**RECORDS PROVIDED**

++++

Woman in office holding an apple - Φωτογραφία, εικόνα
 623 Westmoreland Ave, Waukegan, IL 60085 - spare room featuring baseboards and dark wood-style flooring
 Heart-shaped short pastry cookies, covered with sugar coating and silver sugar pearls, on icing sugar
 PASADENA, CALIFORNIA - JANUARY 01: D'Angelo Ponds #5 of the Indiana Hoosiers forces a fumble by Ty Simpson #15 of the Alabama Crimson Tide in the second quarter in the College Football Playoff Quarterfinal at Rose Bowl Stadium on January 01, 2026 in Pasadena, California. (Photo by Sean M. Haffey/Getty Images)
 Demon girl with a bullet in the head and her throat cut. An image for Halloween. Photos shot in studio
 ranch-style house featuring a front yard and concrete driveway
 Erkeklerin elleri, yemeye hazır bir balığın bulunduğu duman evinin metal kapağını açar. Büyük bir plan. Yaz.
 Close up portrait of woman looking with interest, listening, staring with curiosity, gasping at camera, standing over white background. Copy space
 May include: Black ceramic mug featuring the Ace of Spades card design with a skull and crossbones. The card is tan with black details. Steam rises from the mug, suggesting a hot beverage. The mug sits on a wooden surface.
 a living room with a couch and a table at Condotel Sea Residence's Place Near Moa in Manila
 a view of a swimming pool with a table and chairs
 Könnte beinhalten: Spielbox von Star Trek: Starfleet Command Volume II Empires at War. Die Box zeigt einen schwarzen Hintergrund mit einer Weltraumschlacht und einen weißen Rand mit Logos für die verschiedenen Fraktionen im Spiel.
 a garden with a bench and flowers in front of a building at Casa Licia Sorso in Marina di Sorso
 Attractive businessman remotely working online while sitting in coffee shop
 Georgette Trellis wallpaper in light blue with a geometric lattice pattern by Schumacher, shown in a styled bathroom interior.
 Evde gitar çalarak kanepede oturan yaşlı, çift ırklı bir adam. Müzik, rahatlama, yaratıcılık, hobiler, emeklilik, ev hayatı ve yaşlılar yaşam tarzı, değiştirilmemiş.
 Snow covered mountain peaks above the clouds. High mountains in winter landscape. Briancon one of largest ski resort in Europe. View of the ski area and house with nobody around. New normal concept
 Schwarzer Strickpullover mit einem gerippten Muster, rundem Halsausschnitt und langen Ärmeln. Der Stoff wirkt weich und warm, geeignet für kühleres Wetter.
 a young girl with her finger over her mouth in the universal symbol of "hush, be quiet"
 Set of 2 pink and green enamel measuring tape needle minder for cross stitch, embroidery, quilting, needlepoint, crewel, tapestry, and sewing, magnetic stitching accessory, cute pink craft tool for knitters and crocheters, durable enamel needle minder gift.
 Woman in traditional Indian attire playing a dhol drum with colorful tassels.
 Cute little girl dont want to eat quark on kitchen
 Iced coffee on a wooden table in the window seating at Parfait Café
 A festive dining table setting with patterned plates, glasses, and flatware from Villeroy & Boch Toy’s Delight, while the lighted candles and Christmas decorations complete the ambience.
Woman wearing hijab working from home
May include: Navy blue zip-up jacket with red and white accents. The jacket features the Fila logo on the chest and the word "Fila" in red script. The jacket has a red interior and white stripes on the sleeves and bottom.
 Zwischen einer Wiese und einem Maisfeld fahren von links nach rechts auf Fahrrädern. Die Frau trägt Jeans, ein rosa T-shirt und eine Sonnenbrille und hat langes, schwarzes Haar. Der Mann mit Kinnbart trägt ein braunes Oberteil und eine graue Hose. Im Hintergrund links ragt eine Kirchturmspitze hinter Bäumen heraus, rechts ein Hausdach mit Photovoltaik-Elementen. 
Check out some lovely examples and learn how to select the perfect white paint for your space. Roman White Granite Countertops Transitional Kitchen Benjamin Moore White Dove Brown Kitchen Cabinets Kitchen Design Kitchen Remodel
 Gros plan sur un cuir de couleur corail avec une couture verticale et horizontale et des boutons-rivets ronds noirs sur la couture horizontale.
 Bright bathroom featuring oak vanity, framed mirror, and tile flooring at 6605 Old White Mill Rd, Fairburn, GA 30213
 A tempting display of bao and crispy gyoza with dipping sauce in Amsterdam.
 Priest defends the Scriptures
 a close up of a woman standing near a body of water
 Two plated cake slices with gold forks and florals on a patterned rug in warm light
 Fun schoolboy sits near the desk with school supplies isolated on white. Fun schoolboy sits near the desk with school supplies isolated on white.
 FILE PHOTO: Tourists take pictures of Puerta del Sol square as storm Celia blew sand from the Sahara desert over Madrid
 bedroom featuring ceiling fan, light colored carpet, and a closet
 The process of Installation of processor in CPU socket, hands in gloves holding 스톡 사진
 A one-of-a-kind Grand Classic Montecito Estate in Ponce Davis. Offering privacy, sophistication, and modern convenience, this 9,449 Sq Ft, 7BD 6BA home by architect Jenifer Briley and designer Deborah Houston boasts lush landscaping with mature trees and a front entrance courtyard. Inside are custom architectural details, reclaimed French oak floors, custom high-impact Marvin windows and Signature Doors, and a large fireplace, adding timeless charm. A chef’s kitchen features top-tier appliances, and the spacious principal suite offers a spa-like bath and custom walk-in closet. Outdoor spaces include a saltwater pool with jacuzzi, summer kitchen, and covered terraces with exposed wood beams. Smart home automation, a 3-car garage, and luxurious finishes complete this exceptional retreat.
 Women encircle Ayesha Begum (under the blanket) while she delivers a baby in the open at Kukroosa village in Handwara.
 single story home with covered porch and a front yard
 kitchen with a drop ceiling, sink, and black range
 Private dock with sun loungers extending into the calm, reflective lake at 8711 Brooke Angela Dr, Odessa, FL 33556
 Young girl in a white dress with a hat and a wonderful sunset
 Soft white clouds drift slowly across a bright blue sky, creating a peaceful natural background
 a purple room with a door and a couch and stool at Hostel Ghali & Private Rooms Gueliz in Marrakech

++++

Which lines above hold the string "home"? Copy each of them.

Woman wearing hijab working from home
 A one-of-a-kind Grand Classic Montecito Estate in Ponce Davis. Offering privacy, sophistication, and modern convenience, this 9,449 Sq Ft, 7BD 6BA home by architect Jenifer Briley and designer Deborah Houston boasts lush landscaping with mature trees and a front entrance courtyard. Inside are custom architectural details, reclaimed French oak floors, custom high-impact Marvin windows and Signature Doors, and a large fireplace, adding timeless charm. A chef’s kitchen features top-tier appliances, and the spacious principal suite offers a spa-like bath and custom walk-in closet. Outdoor spaces include a saltwater pool with jacuzzi, summer kitchen, and covered terraces with exposed wood beams. Smart home automation, a 3-car garage, and luxurious finishes complete this exceptional retreat.
 single story home with covered porch and a front yard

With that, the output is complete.